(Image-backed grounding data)
════

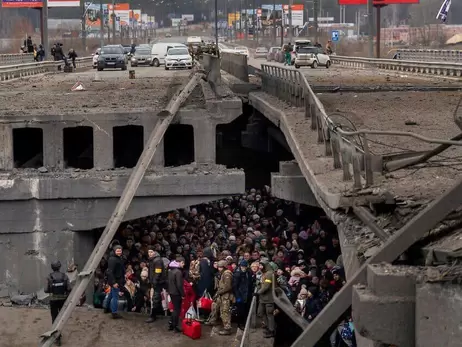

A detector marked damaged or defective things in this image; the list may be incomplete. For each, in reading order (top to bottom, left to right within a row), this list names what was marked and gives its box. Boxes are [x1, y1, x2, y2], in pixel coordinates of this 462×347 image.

broken beam [290, 178, 462, 346]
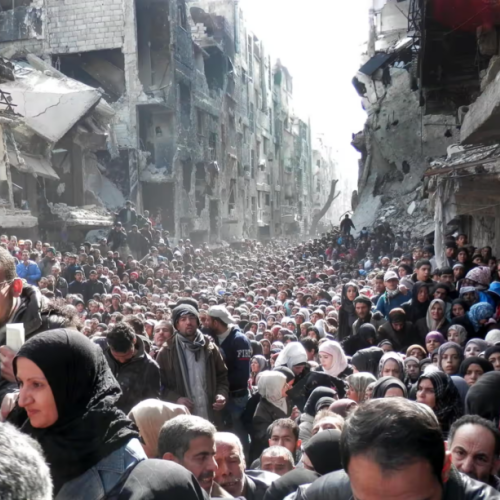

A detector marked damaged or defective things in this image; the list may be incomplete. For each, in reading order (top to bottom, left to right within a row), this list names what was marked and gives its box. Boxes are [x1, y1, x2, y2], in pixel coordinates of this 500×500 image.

broken concrete slab [0, 64, 102, 143]
broken window [53, 49, 125, 102]
broken window [136, 0, 171, 91]
damaged building [0, 0, 338, 244]
damaged building [352, 0, 500, 258]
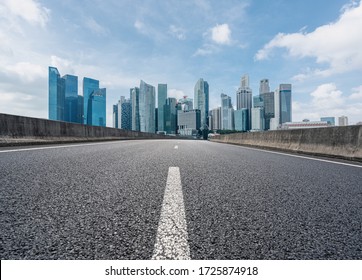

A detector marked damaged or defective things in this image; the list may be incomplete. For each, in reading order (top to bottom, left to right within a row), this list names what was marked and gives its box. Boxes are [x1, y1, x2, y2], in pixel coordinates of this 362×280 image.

cracked asphalt [0, 140, 360, 260]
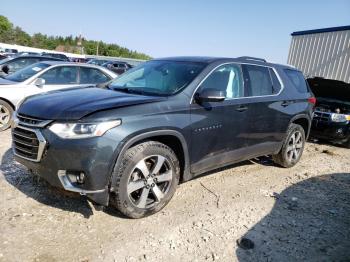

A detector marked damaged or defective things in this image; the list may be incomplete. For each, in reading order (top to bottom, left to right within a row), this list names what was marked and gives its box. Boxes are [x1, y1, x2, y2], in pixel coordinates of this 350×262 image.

damaged hood [17, 86, 167, 120]
damaged hood [308, 77, 350, 102]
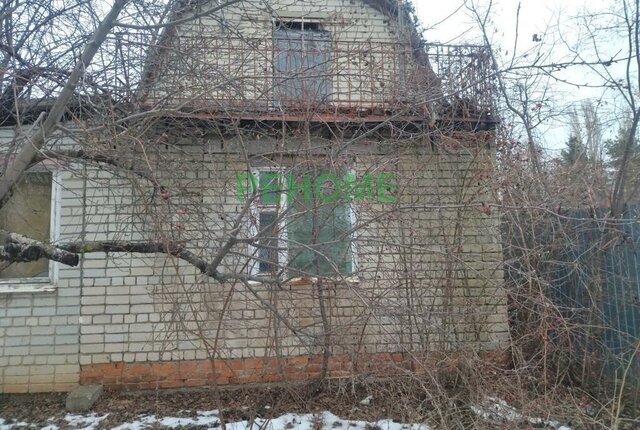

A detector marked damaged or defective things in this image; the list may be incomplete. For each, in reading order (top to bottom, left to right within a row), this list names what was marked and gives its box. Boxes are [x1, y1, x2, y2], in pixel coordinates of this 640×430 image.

broken window [272, 21, 332, 105]
broken window [0, 171, 52, 278]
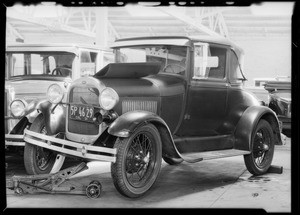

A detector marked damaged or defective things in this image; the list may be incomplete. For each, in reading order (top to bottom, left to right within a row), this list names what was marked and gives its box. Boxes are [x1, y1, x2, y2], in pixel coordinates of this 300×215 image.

wrecked ford coupe [23, 35, 282, 198]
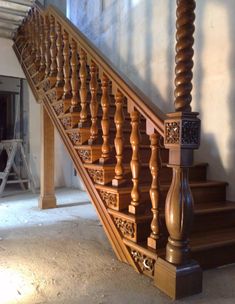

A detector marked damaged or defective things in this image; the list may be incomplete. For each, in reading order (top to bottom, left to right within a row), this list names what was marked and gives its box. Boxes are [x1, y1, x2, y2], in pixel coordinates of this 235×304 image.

peeling plaster wall [68, 0, 235, 201]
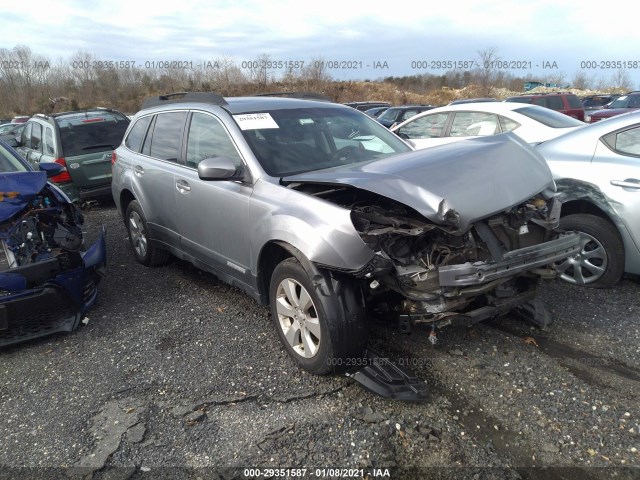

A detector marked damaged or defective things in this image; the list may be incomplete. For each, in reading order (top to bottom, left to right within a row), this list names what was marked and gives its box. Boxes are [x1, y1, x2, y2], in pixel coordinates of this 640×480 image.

crumpled hood [0, 171, 47, 223]
blue damaged car [0, 137, 106, 346]
damaged front end [0, 171, 106, 346]
crumpled hood [284, 132, 556, 232]
broken plastic piece [344, 350, 430, 404]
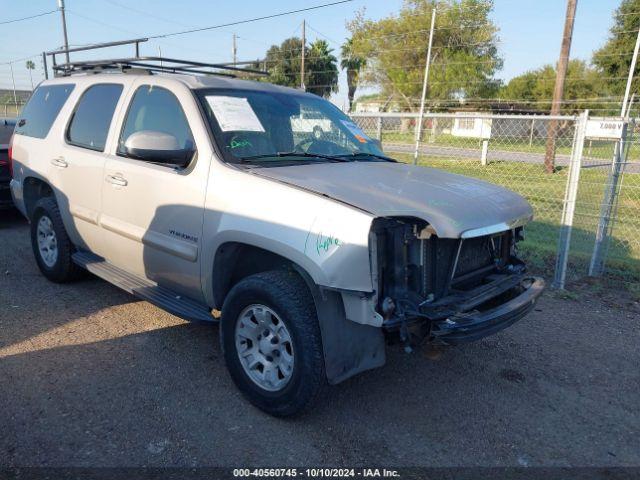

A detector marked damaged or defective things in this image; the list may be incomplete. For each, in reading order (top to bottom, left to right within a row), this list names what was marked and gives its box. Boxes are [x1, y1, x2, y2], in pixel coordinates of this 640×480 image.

cracked windshield [202, 89, 388, 164]
damaged front end [370, 217, 544, 344]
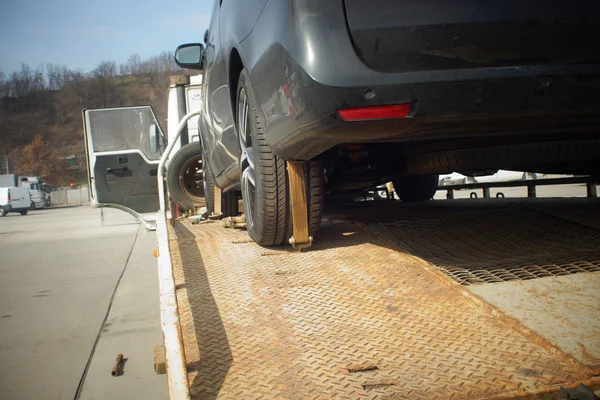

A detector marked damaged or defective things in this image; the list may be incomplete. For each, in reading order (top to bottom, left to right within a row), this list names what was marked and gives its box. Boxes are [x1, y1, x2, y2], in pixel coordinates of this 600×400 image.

rusty metal platform [168, 200, 600, 400]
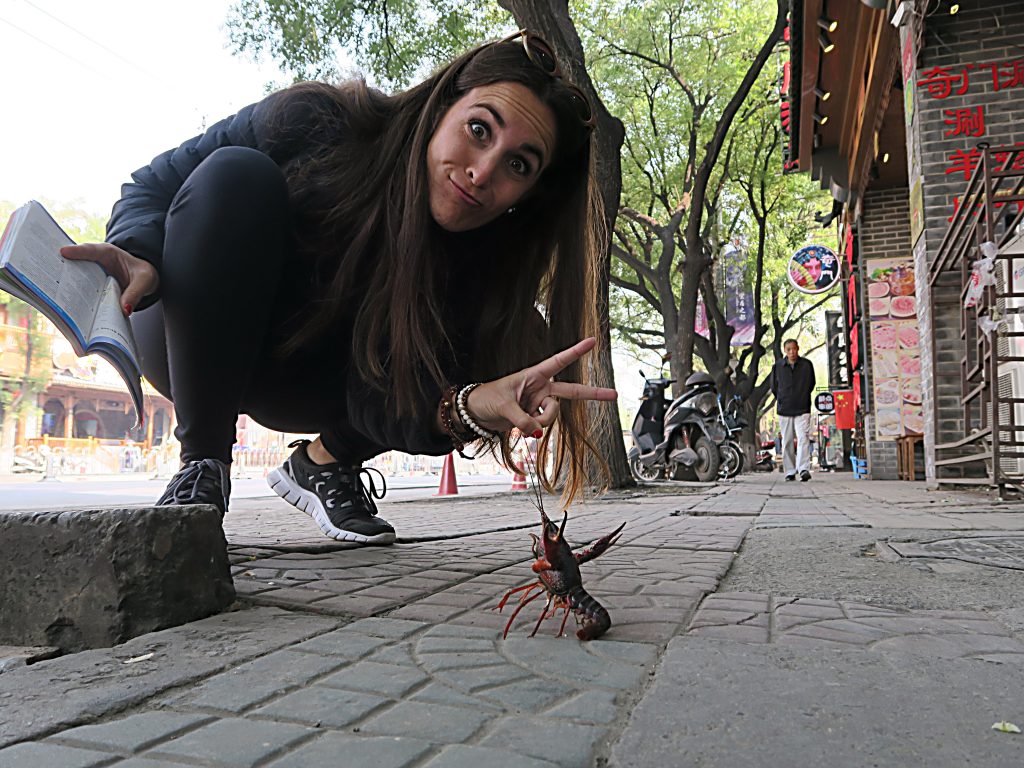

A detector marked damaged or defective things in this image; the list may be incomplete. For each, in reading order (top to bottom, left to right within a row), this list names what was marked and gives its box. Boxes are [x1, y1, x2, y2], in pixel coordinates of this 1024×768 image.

cracked pavement [2, 473, 1024, 765]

════

* PROBLEM:
Output every record verbatim, skipping images.

* RESPONSE AREA:
A detector marked damaged or defective things in this image; the list may be incomplete. For each, in reading order (top to bottom, left to right within a row), this list names what was marked and gives its box. Boxes are [x1, y1, x2, y2], in pixel coordinates of this 462×347 image.

broken beam [290, 178, 462, 346]

A detector marked damaged or defective things in this image; the list may be incomplete. For each, in reading order (top to bottom, left to right within a row), this list names what was marked and gives its box. Boxes are [x1, y1, x2, y2], in pixel coordinates of this 500×500 image.

broken concrete slab [0, 64, 102, 143]
broken window [53, 49, 125, 102]
broken window [136, 0, 171, 91]
damaged building [0, 0, 338, 244]
damaged building [352, 0, 500, 258]

A detector marked damaged or defective things in this image; the list may be incomplete. For each, in reading order (top to bottom, left to right within a row), this list names what was marked and gives its box. Boxes are [x1, y1, x2, y2], in pixel coordinates of this 362×280 image.

cracked asphalt [0, 140, 360, 260]

A detector marked damaged or defective things in this image; the list may be incomplete. For each, in reading order (top to bottom, left to right within a row), this list names what was marked and gives its box. Boxes are [x1, y1, x2, y2], in pixel coordinates of this 350×262 image.

damaged hood [17, 86, 167, 120]
damaged hood [308, 77, 350, 102]

A detector marked damaged or defective things in this image; the list may be incomplete. For each, in reading order (top to bottom, left to right within a row), this list names what was marked and gives its box. Boxes are [x1, y1, x2, y2], in pixel coordinates of this 640×430 image.

broken window [272, 21, 332, 105]
broken window [0, 171, 52, 278]

A detector marked damaged or defective things in this image; the list may be incomplete. For each, in reading order (top to bottom, left to right within a row), this list names what was marked and gives its box. Boxes are [x1, y1, x2, y2], in pixel coordinates of this 300×215 image.

wrecked ford coupe [23, 35, 282, 198]

A detector marked damaged or defective things in this image; the list may be incomplete. For each, in reading order (top to bottom, left to right within a row), this list names what was marked and gives its box. Boxes are [x1, y1, x2, y2], in pixel coordinates of this 235×304 image.

peeling plaster wall [68, 0, 235, 201]

A detector marked damaged or defective things in this image; the list may be incomplete. For each, in reading order (top to bottom, left to right within a row), this list names what was marked and gives its box. Boxes are [x1, y1, x2, y2], in pixel coordinates of this 640×480 image.

crumpled hood [0, 171, 47, 223]
blue damaged car [0, 137, 106, 346]
damaged front end [0, 171, 106, 346]
crumpled hood [284, 132, 556, 232]
broken plastic piece [344, 350, 430, 404]

A detector marked damaged or defective things in this image; the list may be incomplete. For each, in reading order (top to bottom, left to right within a row), this list names what was marked and gives its box. Boxes are [x1, y1, x2, y2], in pixel coordinates of this 640×480 image.

cracked windshield [202, 89, 388, 164]
damaged front end [370, 217, 544, 344]

A detector marked damaged or defective things in this image; the list may be incomplete. For each, in reading order (top to bottom, left to right within a row), this list names what was marked and gives its box. Boxes are [x1, y1, x2, y2], in pixel coordinates of this 600×400 image.

rusty metal platform [168, 200, 600, 400]

A detector marked damaged or defective things in this image; the list may be incomplete. For each, in reading order (top to bottom, left to right within a row), this list names what was marked and gives its box. Boxes are [x1, y1, x2, y2], in pixel coordinates of this 1024×768 image.

cracked pavement [2, 473, 1024, 765]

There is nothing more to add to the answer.